Exercise description
Output exactly the lines that come between the start of the material and the line containing "Gaming skrivebord til", both ends included, with the pictures omitted.

Data to use
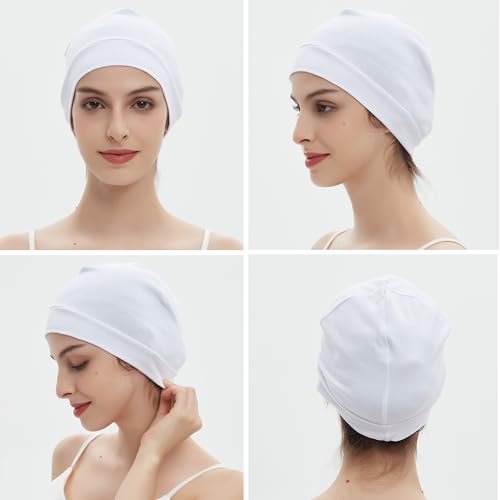 Image of vidsel 100% Cotton Skull Caps Beanie Night Cap Sleep Hats for Men Women | Breathable,Soft,Lightweight Skully Cap,Running Beanie Cycling Helmet Liner,Wicking Head Cover,CPAP Chemo Bald Cap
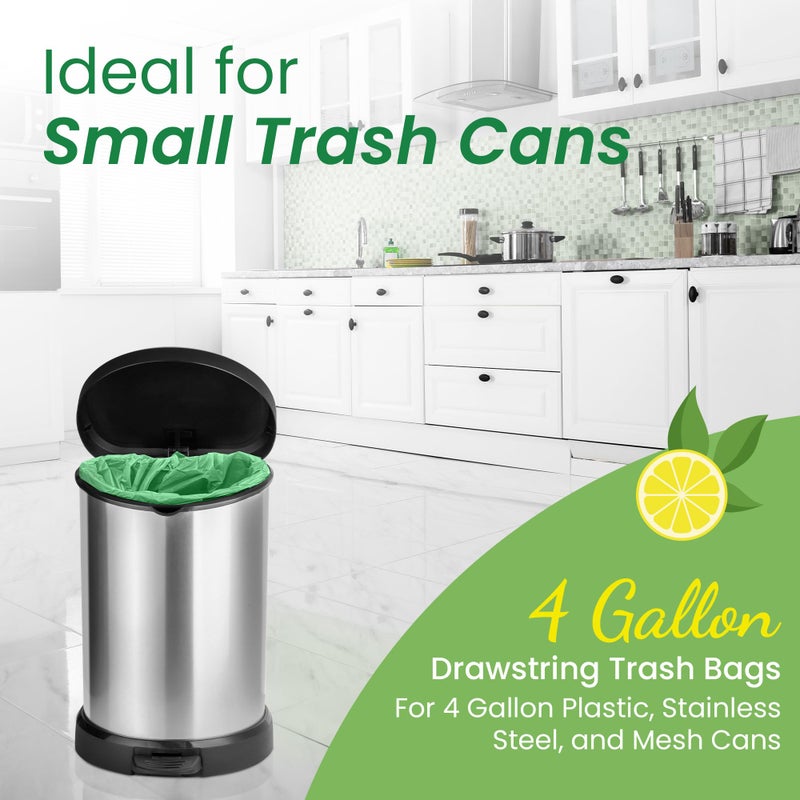 Reli. 4 Gallon Trash Bags Drawstring (50 Count) | Citrus Scented Small Trash Bags | Garbage Liners for Bathroom Can | 2 Gal - 3 Gallon - 4 Gal Small Can Liners (Green) - Image 3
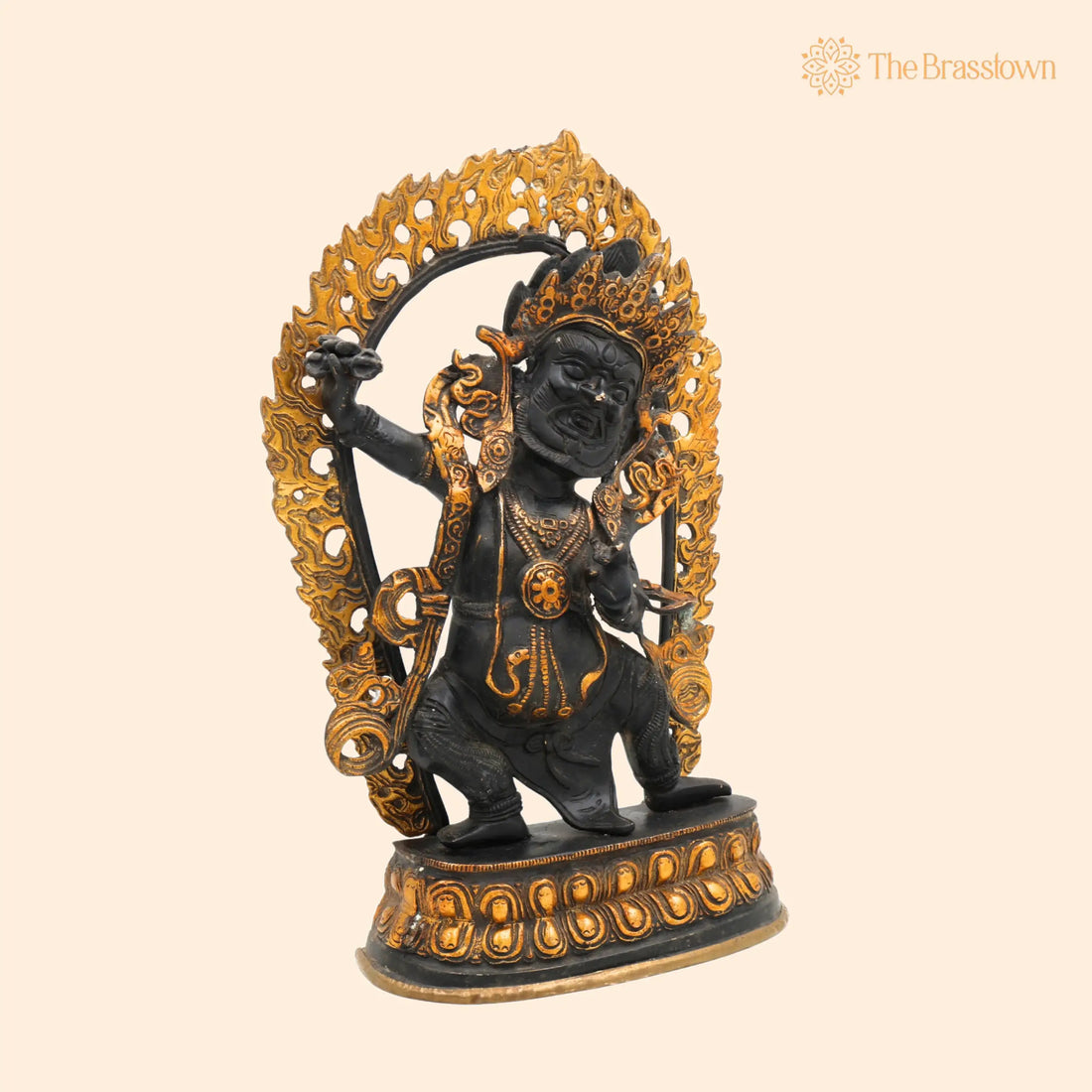 Brass Buddhist Bhairava Idol – Handcrafted Home Temple &amp; Tibetan Décor 14.5 Inch 1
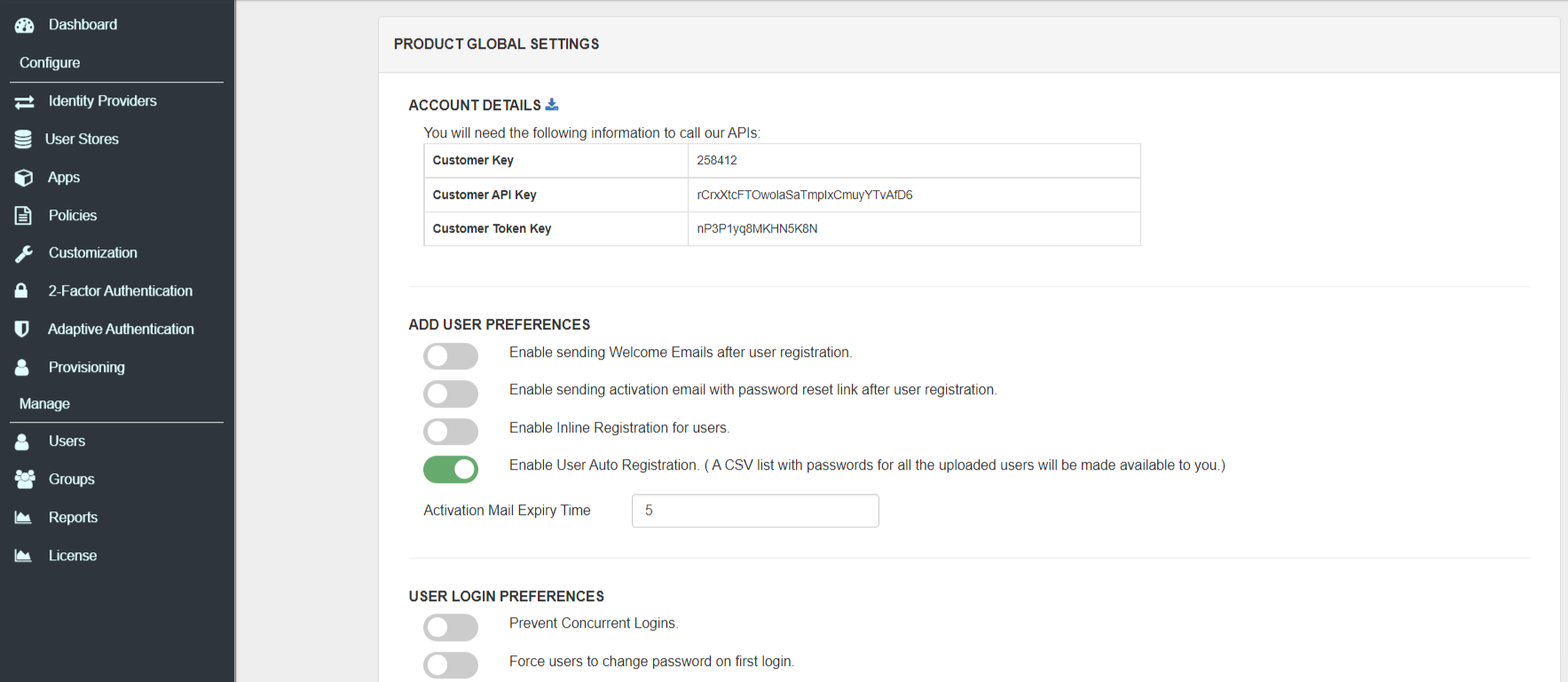 miniOrange Software - miniOrange Product Settings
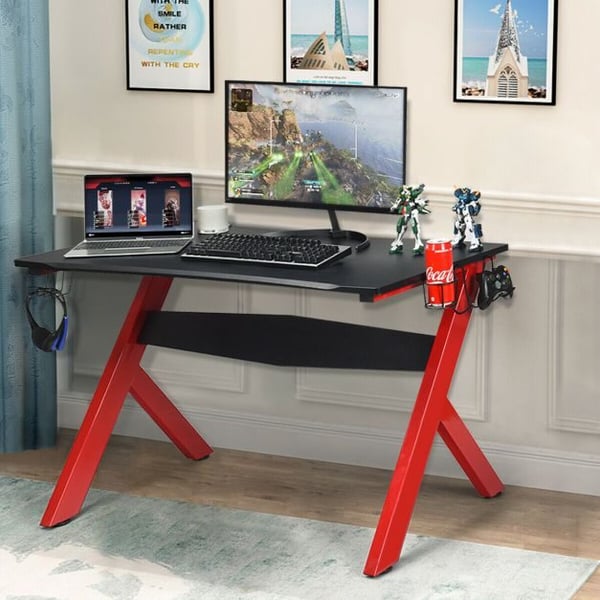 Gaming skrivebord til computer, 48,5"x23,5"x30", Sort og rød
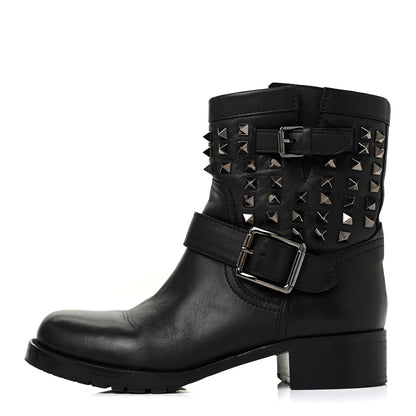 Valentino Garavani Calfskin Rockstud 30mm Biker Boots 37 Black 1 of 16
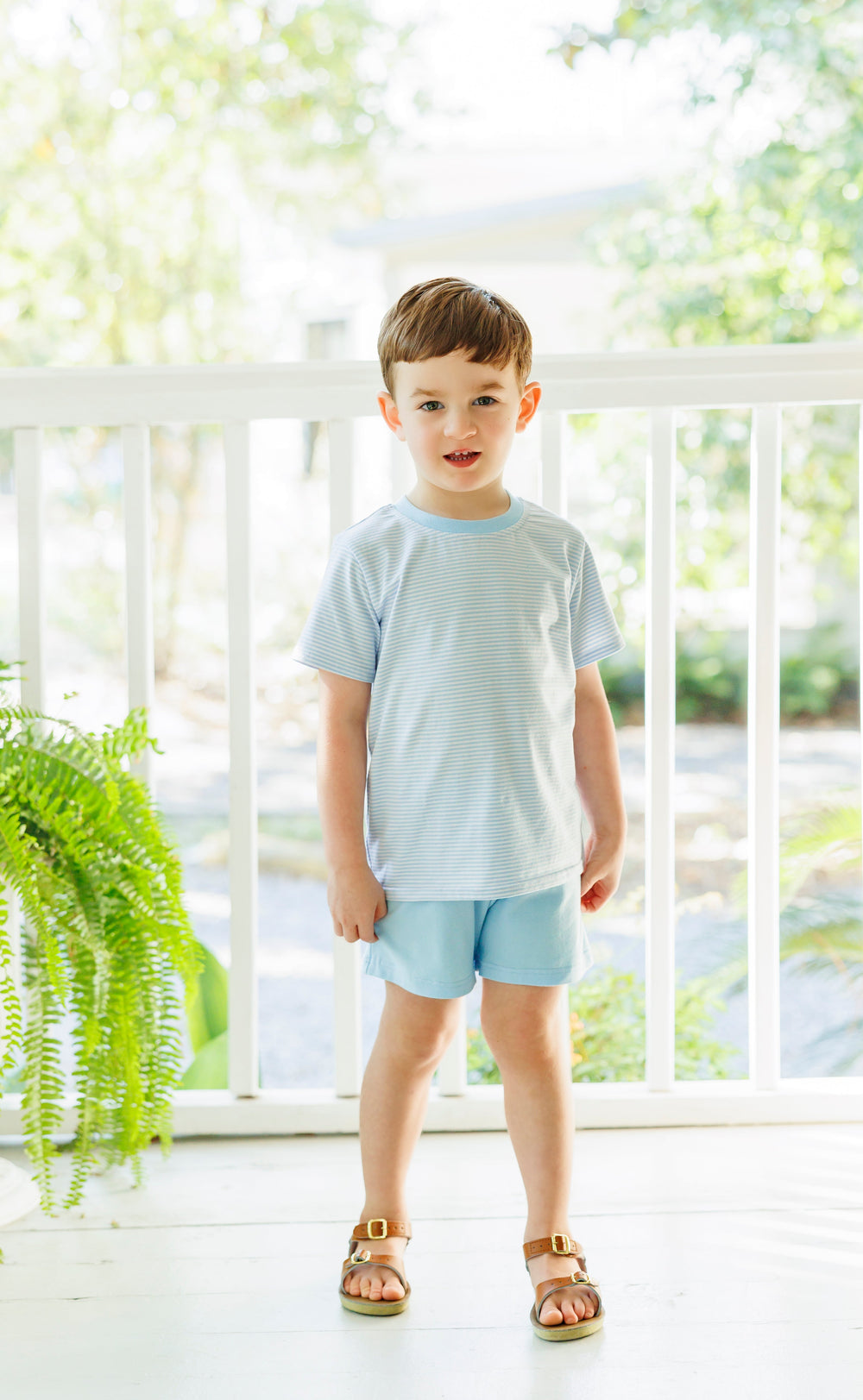 Avery Short Set- Light Blue Stripe - Hampton James Clothing - detail view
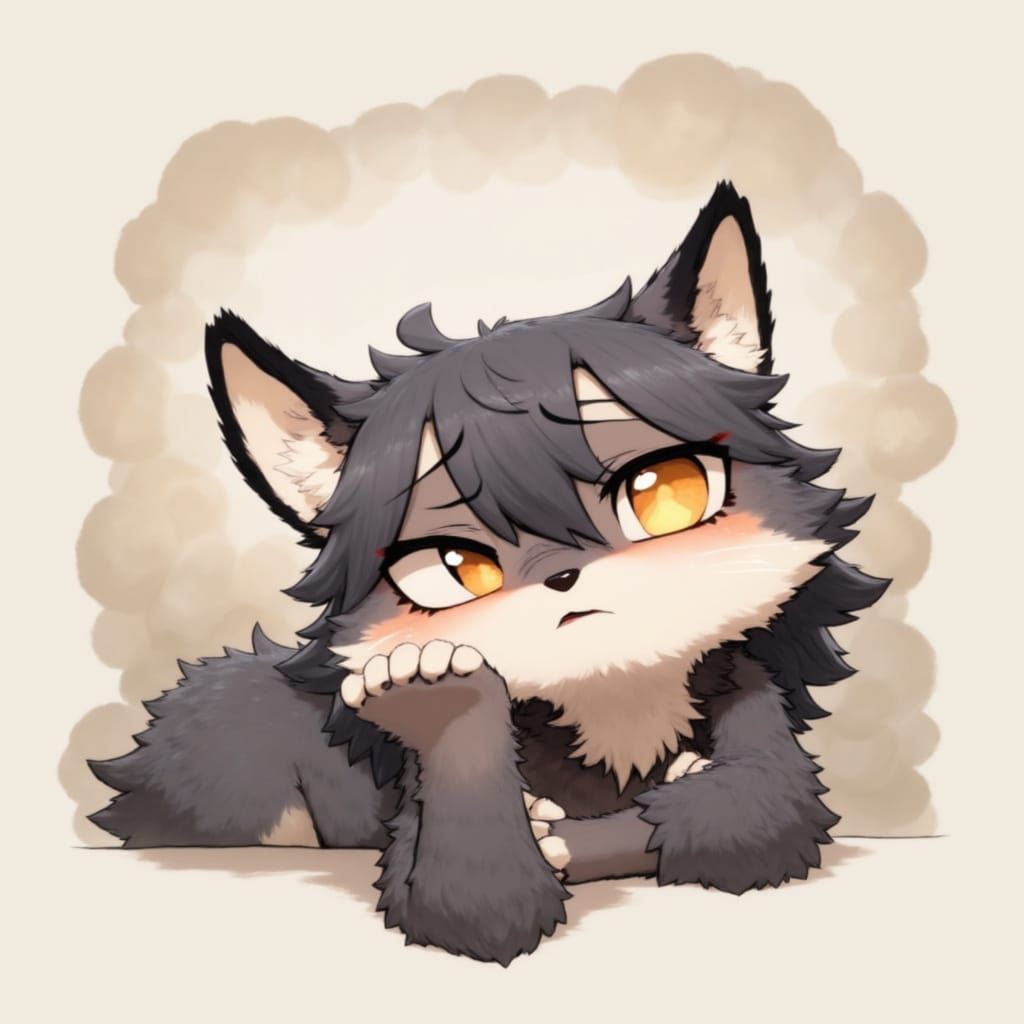 Squinting Chibi Wolf Face in Flat Color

Exercise answer
 Image of vidsel 100% Cotton Skull Caps Beanie Night Cap Sleep Hats for Men Women | Breathable,Soft,Lightweight Skully Cap,Running Beanie Cycling Helmet Liner,Wicking Head Cover,CPAP Chemo Bald Cap
 Reli. 4 Gallon Trash Bags Drawstring (50 Count) | Citrus Scented Small Trash Bags | Garbage Liners for Bathroom Can | 2 Gal - 3 Gallon - 4 Gal Small Can Liners (Green) - Image 3
 Brass Buddhist Bhairava Idol – Handcrafted Home Temple &amp; Tibetan Décor 14.5 Inch 1
 miniOrange Software - miniOrange Product Settings
 Gaming skrivebord til computer, 48,5"x23,5"x30", Sort og rød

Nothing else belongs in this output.